Civil rights lawyers expose the role of the U.S. Central Intelligence Agency in secret brainwashing experiments. Based on a true story. [ The Sleep Room credits: Dir: Anne Wheeler/ Leon Pownall, Donald Moffat, Marina Orsini/ 192 min/ Drama/ Canada/ Psychiatry & Force, Abuse of Power]
Non trailer available.
As told here, during the 1950s the renowned psychiatrist Dr. Ewen Cameron—at various times president of the Canadian, American, and World Psychiatry Associations—began a personal crusade to cure mental illness. He theorized that if he could wipe clean the “ill” parts of a patient’s brain, he could replace sick thoughts with healthy ones. Toward that end, he developed an experimental treatment called “psychic driving”—essentially a form of brainwashing that involved massive electroshocks, hallucinogenic drugs including LSD, and forced listening to tape-recorded “healthy thoughts” for up to sixteen hours a day. It was, of course, a horror for those subjected to it. And the horror was greatly expanded when the CIA heard about the technique.

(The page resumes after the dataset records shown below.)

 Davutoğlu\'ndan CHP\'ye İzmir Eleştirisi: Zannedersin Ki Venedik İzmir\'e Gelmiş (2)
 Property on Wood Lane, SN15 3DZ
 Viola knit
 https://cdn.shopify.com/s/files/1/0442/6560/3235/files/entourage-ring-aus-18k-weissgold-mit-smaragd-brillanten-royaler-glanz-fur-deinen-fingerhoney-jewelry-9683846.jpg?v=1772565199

“The Sleep Room is a long film, but the time is not wasted. The events themselves are hair-raising, and there are some good performances.”

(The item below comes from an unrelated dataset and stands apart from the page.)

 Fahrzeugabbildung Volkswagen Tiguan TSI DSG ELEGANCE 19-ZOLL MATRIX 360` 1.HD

Interested in brainwashing for its own purposes, the CIA started to fund Cameron. The flood of money encouraged him and enabled him to expand his operations. Unfortunately for Cameron, the CIA, and above all the patients themselves, the treatment didn’t work. Of the hundreds of patients subjected to Cameron’s treatment, none got better, at least two died, and the rest were left shattered.

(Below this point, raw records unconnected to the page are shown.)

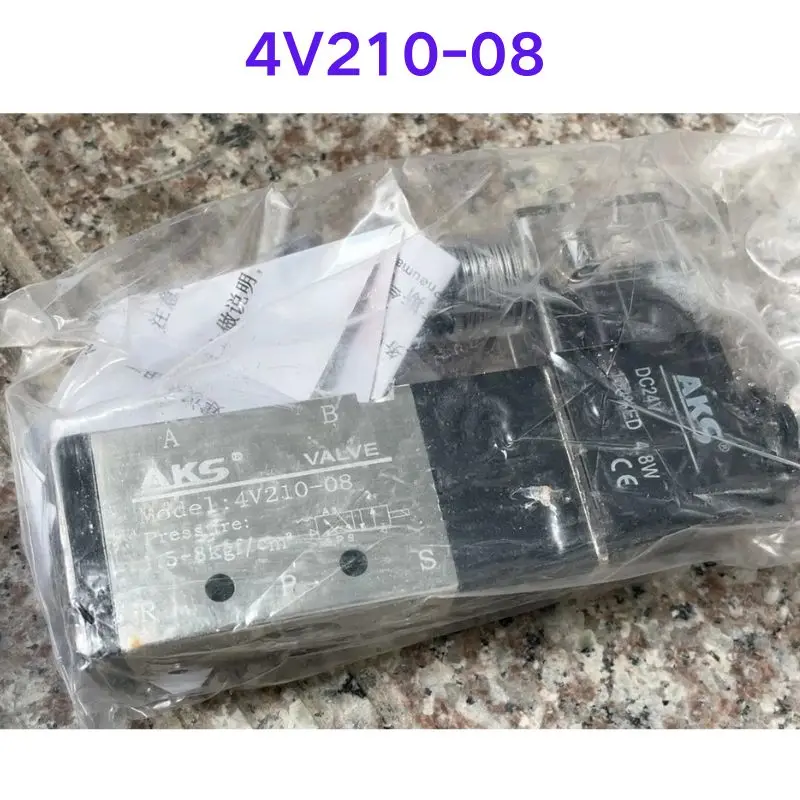 New 4V210-08 solenoid valve Fast Shipping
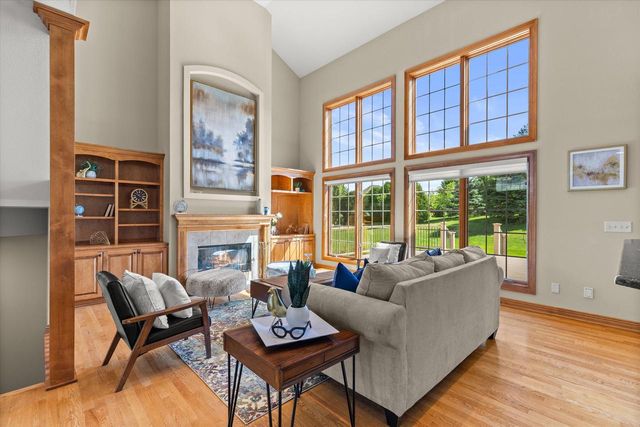 W218N5466 Taylors Woods DRIVE, Menomonee Falls, WI 53051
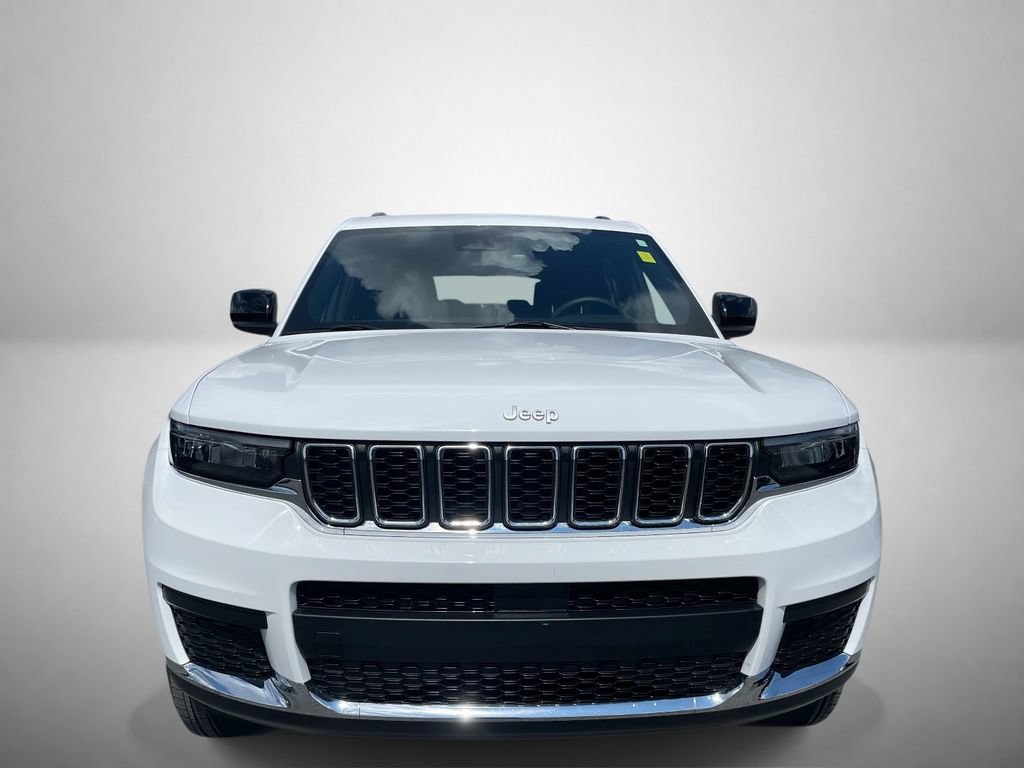 Used 2025 Jeep Grand Cherokee L Laredo w/ Luxury Tech Group I AWD/4WD image 8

The telling of this tragic incident makes up the first half of this roughly three-and-a-half-hour miniseries. The second half takes up subsequent events in 1980, when the media finally broke the story. Suddenly aware of what had happened to them, nine of Cameron’s former patients then filed a class action suit against the CIA with the help of civil rights attorney Joseph Rauh and his assistant James Turner.
It was a difficult legal battle. Dr. Cameron had died years earlier, there were few witnesses, and the CIA stifled all investigation. But in the end right prevailed, sort of, as Rauh and Turner were at least able to force the CIA to make a cash payment to the victims.
The Sleep Room is a long film, but the time is not wasted. The events themselves are hair-raising, and there are some good performances. Incidentally, the portrayal of Rauh as a dying lawyer fighting this case with his last breath is not a dramatic device. This really was Rauh’s last case. He died in 1992 and was subsequently awarded the Presidential Medal of Freedom.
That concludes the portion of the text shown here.